____ RAW DATA

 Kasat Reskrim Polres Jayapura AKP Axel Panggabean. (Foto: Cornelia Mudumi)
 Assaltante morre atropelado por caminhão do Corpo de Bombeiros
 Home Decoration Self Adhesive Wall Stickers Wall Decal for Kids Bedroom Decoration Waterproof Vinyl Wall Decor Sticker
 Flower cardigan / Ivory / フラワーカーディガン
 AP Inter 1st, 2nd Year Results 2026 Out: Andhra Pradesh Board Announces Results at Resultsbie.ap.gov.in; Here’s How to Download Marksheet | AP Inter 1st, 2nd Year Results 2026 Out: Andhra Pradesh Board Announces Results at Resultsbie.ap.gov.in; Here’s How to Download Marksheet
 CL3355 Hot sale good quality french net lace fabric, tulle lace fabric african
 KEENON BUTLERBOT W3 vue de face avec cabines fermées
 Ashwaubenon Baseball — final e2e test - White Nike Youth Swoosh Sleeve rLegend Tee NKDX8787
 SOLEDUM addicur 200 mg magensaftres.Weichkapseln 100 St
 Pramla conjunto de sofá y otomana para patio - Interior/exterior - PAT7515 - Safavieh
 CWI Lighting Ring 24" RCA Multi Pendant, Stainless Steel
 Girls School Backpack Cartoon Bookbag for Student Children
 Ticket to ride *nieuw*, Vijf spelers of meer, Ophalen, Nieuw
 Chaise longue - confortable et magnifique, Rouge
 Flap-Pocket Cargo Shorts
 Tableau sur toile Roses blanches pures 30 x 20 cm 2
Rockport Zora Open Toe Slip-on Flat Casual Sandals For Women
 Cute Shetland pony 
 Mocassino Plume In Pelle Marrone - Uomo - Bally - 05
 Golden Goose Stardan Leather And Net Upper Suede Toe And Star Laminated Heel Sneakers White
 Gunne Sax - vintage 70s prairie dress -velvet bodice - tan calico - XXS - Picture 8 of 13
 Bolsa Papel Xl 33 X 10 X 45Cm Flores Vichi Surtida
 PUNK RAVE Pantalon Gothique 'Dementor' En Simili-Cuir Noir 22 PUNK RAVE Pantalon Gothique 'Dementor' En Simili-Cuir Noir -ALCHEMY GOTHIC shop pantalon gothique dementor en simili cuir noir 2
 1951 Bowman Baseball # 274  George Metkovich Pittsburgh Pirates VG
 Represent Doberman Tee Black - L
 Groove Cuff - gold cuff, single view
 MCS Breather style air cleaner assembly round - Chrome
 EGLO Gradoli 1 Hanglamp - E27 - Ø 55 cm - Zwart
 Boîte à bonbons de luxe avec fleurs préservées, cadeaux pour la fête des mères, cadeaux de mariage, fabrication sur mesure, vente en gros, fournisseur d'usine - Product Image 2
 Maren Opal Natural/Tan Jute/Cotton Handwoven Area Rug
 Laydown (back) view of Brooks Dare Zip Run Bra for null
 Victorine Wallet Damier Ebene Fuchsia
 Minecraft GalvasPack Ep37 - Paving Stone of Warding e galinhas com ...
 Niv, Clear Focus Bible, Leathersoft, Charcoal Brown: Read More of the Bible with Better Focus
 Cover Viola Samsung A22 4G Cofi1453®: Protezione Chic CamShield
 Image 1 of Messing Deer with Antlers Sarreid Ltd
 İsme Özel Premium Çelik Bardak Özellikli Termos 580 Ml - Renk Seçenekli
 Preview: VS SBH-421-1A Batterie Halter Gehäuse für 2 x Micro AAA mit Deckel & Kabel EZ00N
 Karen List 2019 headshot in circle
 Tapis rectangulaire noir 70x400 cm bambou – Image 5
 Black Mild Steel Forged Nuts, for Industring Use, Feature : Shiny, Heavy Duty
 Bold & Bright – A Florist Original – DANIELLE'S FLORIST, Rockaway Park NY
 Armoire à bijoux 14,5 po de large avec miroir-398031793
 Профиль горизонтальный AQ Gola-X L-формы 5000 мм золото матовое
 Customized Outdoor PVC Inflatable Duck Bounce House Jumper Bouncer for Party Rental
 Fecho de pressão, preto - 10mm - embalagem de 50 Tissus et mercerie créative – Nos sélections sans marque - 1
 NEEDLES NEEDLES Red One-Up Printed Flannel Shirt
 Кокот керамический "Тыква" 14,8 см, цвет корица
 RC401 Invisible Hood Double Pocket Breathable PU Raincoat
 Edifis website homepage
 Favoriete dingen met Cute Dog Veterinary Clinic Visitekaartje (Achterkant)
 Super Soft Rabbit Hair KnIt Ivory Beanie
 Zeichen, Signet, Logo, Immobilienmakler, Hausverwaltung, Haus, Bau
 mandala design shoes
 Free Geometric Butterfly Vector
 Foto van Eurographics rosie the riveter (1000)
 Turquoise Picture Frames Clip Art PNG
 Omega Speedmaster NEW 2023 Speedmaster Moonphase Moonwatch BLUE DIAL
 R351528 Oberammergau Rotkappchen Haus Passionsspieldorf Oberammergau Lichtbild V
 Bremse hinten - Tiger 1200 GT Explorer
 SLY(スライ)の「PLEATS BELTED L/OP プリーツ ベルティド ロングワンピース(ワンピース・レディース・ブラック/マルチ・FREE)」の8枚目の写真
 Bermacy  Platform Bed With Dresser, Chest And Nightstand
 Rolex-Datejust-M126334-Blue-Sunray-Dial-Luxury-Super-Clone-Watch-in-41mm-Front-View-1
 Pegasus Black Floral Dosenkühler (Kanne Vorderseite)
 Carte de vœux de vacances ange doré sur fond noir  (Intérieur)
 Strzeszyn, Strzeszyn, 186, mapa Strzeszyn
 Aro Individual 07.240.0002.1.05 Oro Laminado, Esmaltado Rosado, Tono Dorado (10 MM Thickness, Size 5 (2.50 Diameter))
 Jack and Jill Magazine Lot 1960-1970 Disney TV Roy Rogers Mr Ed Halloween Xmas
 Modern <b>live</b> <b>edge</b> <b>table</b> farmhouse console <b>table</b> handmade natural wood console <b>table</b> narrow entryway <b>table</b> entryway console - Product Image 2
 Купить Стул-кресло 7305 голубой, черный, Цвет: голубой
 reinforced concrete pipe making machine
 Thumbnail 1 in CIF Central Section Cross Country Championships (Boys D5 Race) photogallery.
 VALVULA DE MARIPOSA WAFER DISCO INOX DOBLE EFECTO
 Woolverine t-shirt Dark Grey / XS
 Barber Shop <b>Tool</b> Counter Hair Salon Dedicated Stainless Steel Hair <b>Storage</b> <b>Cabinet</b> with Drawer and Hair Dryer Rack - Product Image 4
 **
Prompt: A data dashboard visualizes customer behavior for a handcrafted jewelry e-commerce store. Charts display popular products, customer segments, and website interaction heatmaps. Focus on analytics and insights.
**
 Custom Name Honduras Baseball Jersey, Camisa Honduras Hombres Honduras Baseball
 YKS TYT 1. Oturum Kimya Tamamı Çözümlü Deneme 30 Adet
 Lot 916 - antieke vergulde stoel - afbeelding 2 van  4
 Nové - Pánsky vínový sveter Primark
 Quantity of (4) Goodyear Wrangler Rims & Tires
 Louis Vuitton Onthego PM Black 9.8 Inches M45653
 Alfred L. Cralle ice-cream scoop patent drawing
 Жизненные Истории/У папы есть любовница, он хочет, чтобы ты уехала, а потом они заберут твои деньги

________

# TASK OBJECTIVE:
Reproduce all the data exactly. Include every line.

# SOLUTION:
 Kasat Reskrim Polres Jayapura AKP Axel Panggabean. (Foto: Cornelia Mudumi)
 Assaltante morre atropelado por caminhão do Corpo de Bombeiros
 Home Decoration Self Adhesive Wall Stickers Wall Decal for Kids Bedroom Decoration Waterproof Vinyl Wall Decor Sticker
 Flower cardigan / Ivory / フラワーカーディガン
 AP Inter 1st, 2nd Year Results 2026 Out: Andhra Pradesh Board Announces Results at Resultsbie.ap.gov.in; Here’s How to Download Marksheet | AP Inter 1st, 2nd Year Results 2026 Out: Andhra Pradesh Board Announces Results at Resultsbie.ap.gov.in; Here’s How to Download Marksheet
 CL3355 Hot sale good quality french net lace fabric, tulle lace fabric african
 KEENON BUTLERBOT W3 vue de face avec cabines fermées
 Ashwaubenon Baseball — final e2e test - White Nike Youth Swoosh Sleeve rLegend Tee NKDX8787
 SOLEDUM addicur 200 mg magensaftres.Weichkapseln 100 St
 Pramla conjunto de sofá y otomana para patio - Interior/exterior - PAT7515 - Safavieh
 CWI Lighting Ring 24" RCA Multi Pendant, Stainless Steel
 Girls School Backpack Cartoon Bookbag for Student Children
 Ticket to ride *nieuw*, Vijf spelers of meer, Ophalen, Nieuw
 Chaise longue - confortable et magnifique, Rouge
 Flap-Pocket Cargo Shorts
 Tableau sur toile Roses blanches pures 30 x 20 cm 2
Rockport Zora Open Toe Slip-on Flat Casual Sandals For Women
 Cute Shetland pony 
 Mocassino Plume In Pelle Marrone - Uomo - Bally - 05
 Golden Goose Stardan Leather And Net Upper Suede Toe And Star Laminated Heel Sneakers White
 Gunne Sax - vintage 70s prairie dress -velvet bodice - tan calico - XXS - Picture 8 of 13
 Bolsa Papel Xl 33 X 10 X 45Cm Flores Vichi Surtida
 PUNK RAVE Pantalon Gothique 'Dementor' En Simili-Cuir Noir 22 PUNK RAVE Pantalon Gothique 'Dementor' En Simili-Cuir Noir -ALCHEMY GOTHIC shop pantalon gothique dementor en simili cuir noir 2
 1951 Bowman Baseball # 274  George Metkovich Pittsburgh Pirates VG
 Represent Doberman Tee Black - L
 Groove Cuff - gold cuff, single view
 MCS Breather style air cleaner assembly round - Chrome
 EGLO Gradoli 1 Hanglamp - E27 - Ø 55 cm - Zwart
 Boîte à bonbons de luxe avec fleurs préservées, cadeaux pour la fête des mères, cadeaux de mariage, fabrication sur mesure, vente en gros, fournisseur d'usine - Product Image 2
 Maren Opal Natural/Tan Jute/Cotton Handwoven Area Rug
 Laydown (back) view of Brooks Dare Zip Run Bra for null
 Victorine Wallet Damier Ebene Fuchsia
 Minecraft GalvasPack Ep37 - Paving Stone of Warding e galinhas com ...
 Niv, Clear Focus Bible, Leathersoft, Charcoal Brown: Read More of the Bible with Better Focus
 Cover Viola Samsung A22 4G Cofi1453®: Protezione Chic CamShield
 Image 1 of Messing Deer with Antlers Sarreid Ltd
 İsme Özel Premium Çelik Bardak Özellikli Termos 580 Ml - Renk Seçenekli
 Preview: VS SBH-421-1A Batterie Halter Gehäuse für 2 x Micro AAA mit Deckel & Kabel EZ00N
 Karen List 2019 headshot in circle
 Tapis rectangulaire noir 70x400 cm bambou – Image 5
 Black Mild Steel Forged Nuts, for Industring Use, Feature : Shiny, Heavy Duty
 Bold & Bright – A Florist Original – DANIELLE'S FLORIST, Rockaway Park NY
 Armoire à bijoux 14,5 po de large avec miroir-398031793
 Профиль горизонтальный AQ Gola-X L-формы 5000 мм золото матовое
 Customized Outdoor PVC Inflatable Duck Bounce House Jumper Bouncer for Party Rental
 Fecho de pressão, preto - 10mm - embalagem de 50 Tissus et mercerie créative – Nos sélections sans marque - 1
 NEEDLES NEEDLES Red One-Up Printed Flannel Shirt
 Кокот керамический "Тыква" 14,8 см, цвет корица
 RC401 Invisible Hood Double Pocket Breathable PU Raincoat
 Edifis website homepage
 Favoriete dingen met Cute Dog Veterinary Clinic Visitekaartje (Achterkant)
 Super Soft Rabbit Hair KnIt Ivory Beanie
 Zeichen, Signet, Logo, Immobilienmakler, Hausverwaltung, Haus, Bau
 mandala design shoes
 Free Geometric Butterfly Vector
 Foto van Eurographics rosie the riveter (1000)
 Turquoise Picture Frames Clip Art PNG
 Omega Speedmaster NEW 2023 Speedmaster Moonphase Moonwatch BLUE DIAL
 R351528 Oberammergau Rotkappchen Haus Passionsspieldorf Oberammergau Lichtbild V
 Bremse hinten - Tiger 1200 GT Explorer
 SLY(スライ)の「PLEATS BELTED L/OP プリーツ ベルティド ロングワンピース(ワンピース・レディース・ブラック/マルチ・FREE)」の8枚目の写真
 Bermacy  Platform Bed With Dresser, Chest And Nightstand
 Rolex-Datejust-M126334-Blue-Sunray-Dial-Luxury-Super-Clone-Watch-in-41mm-Front-View-1
 Pegasus Black Floral Dosenkühler (Kanne Vorderseite)
 Carte de vœux de vacances ange doré sur fond noir  (Intérieur)
 Strzeszyn, Strzeszyn, 186, mapa Strzeszyn
 Aro Individual 07.240.0002.1.05 Oro Laminado, Esmaltado Rosado, Tono Dorado (10 MM Thickness, Size 5 (2.50 Diameter))
 Jack and Jill Magazine Lot 1960-1970 Disney TV Roy Rogers Mr Ed Halloween Xmas
 Modern <b>live</b> <b>edge</b> <b>table</b> farmhouse console <b>table</b> handmade natural wood console <b>table</b> narrow entryway <b>table</b> entryway console - Product Image 2
 Купить Стул-кресло 7305 голубой, черный, Цвет: голубой
 reinforced concrete pipe making machine
 Thumbnail 1 in CIF Central Section Cross Country Championships (Boys D5 Race) photogallery.
 VALVULA DE MARIPOSA WAFER DISCO INOX DOBLE EFECTO
 Woolverine t-shirt Dark Grey / XS
 Barber Shop <b>Tool</b> Counter Hair Salon Dedicated Stainless Steel Hair <b>Storage</b> <b>Cabinet</b> with Drawer and Hair Dryer Rack - Product Image 4
 **
Prompt: A data dashboard visualizes customer behavior for a handcrafted jewelry e-commerce store. Charts display popular products, customer segments, and website interaction heatmaps. Focus on analytics and insights.
**
 Custom Name Honduras Baseball Jersey, Camisa Honduras Hombres Honduras Baseball
 YKS TYT 1. Oturum Kimya Tamamı Çözümlü Deneme 30 Adet
 Lot 916 - antieke vergulde stoel - afbeelding 2 van  4
 Nové - Pánsky vínový sveter Primark
 Quantity of (4) Goodyear Wrangler Rims & Tires
 Louis Vuitton Onthego PM Black 9.8 Inches M45653
 Alfred L. Cralle ice-cream scoop patent drawing
 Жизненные Истории/У папы есть любовница, он хочет, чтобы ты уехала, а потом они заберут твои деньги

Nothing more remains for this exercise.